*WHAT YOU WILL DO:* Leave out pictures; repeat exactly the lines from the "Four sockets." line through the last of the data below.

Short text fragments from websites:
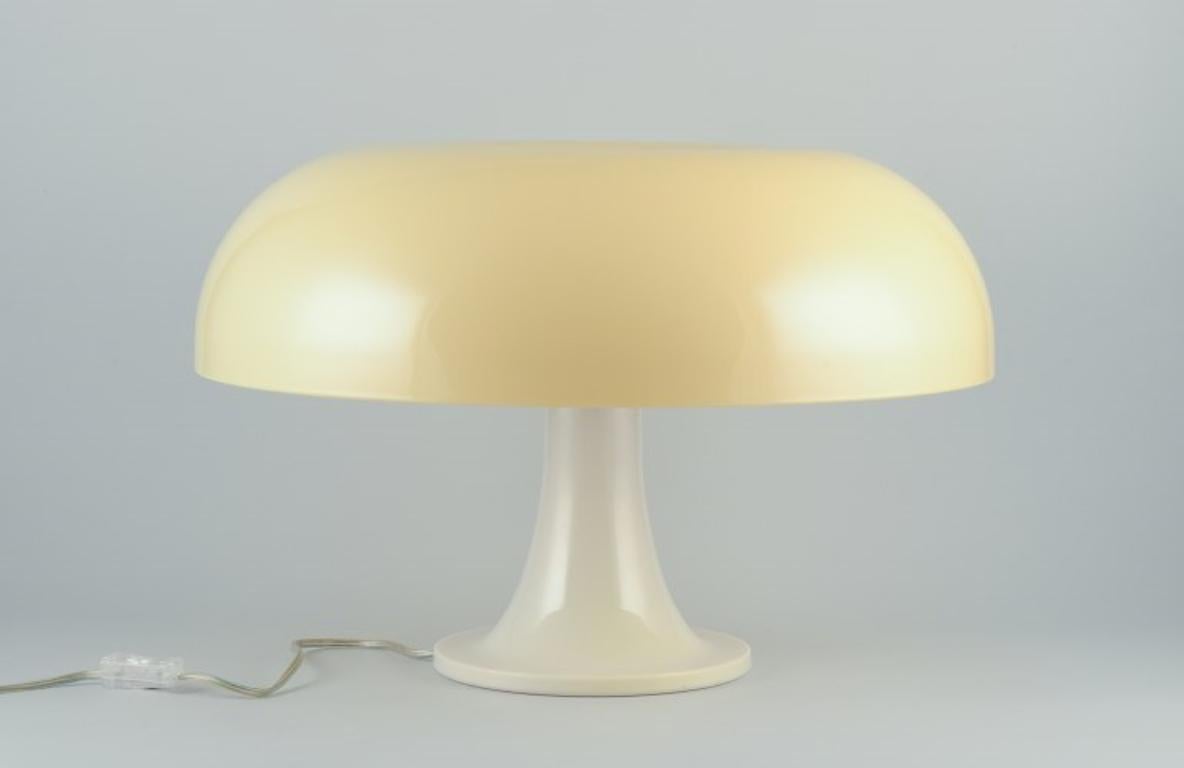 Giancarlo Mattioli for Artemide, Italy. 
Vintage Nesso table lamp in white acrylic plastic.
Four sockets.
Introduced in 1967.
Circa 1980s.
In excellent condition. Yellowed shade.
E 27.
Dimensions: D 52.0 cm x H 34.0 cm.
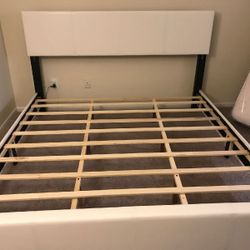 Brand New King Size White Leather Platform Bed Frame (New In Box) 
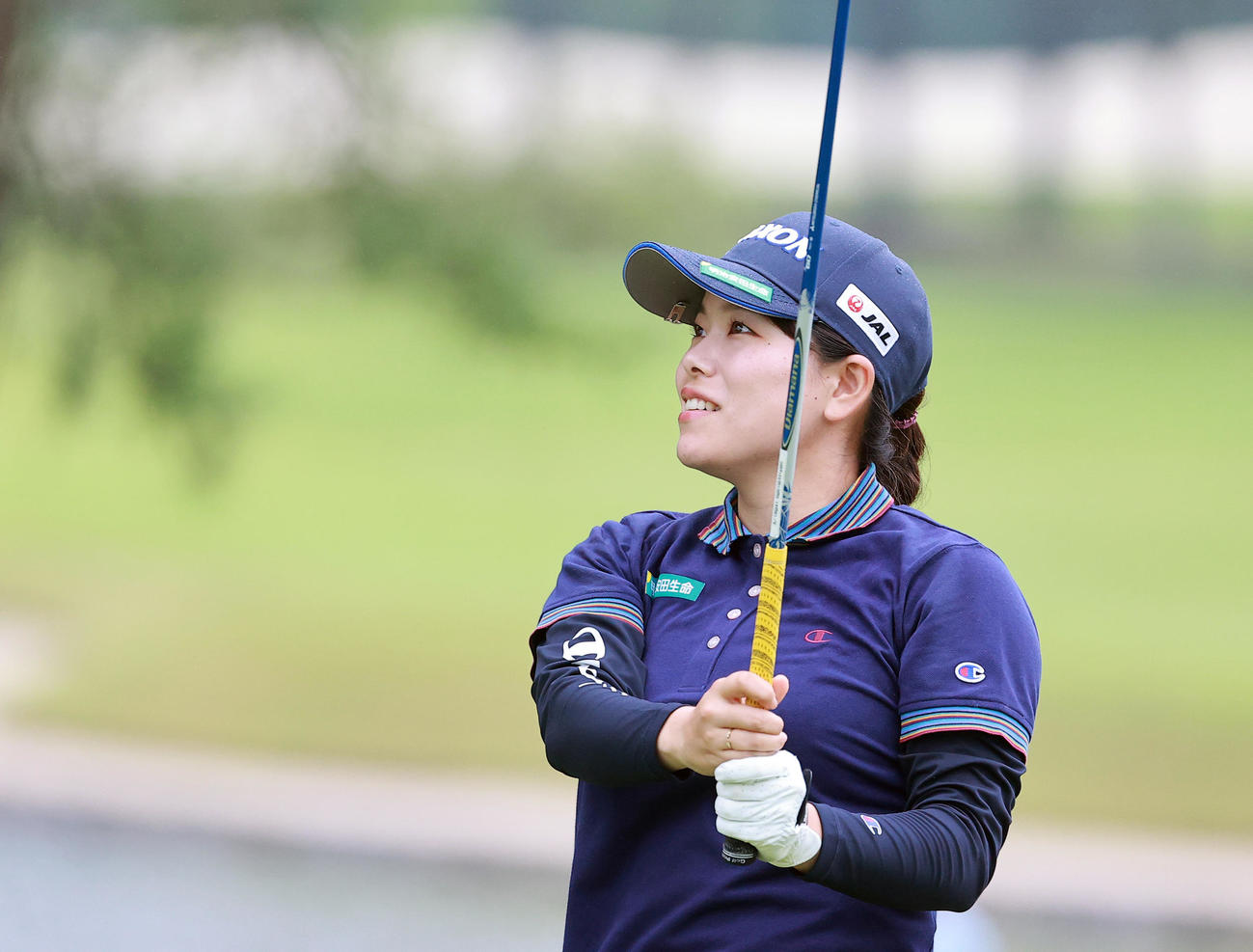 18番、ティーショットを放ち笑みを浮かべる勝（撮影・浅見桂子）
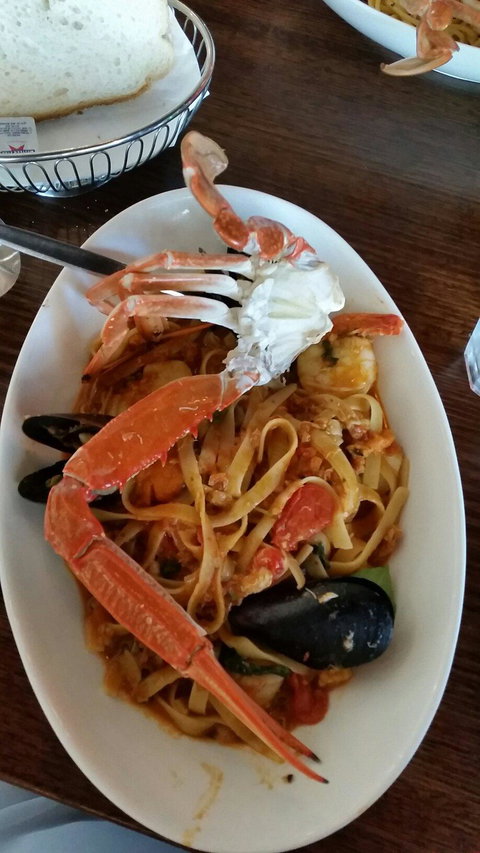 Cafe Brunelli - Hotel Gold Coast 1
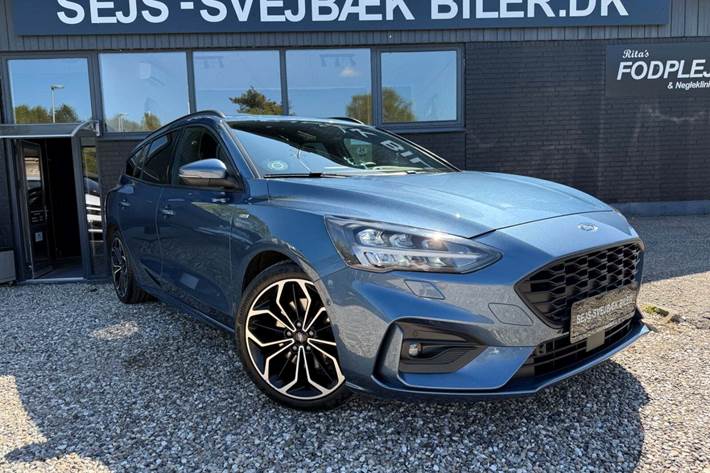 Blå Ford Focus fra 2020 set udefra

*EXPECTED ANSWER:*
Four sockets.
Introduced in 1967.
Circa 1980s.
In excellent condition. Yellowed shade.
E 27.
Dimensions: D 52.0 cm x H 34.0 cm.
 Brand New King Size White Leather Platform Bed Frame (New In Box) 
 18番、ティーショットを放ち笑みを浮かべる勝（撮影・浅見桂子）
 Cafe Brunelli - Hotel Gold Coast 1
 Blå Ford Focus fra 2020 set udefra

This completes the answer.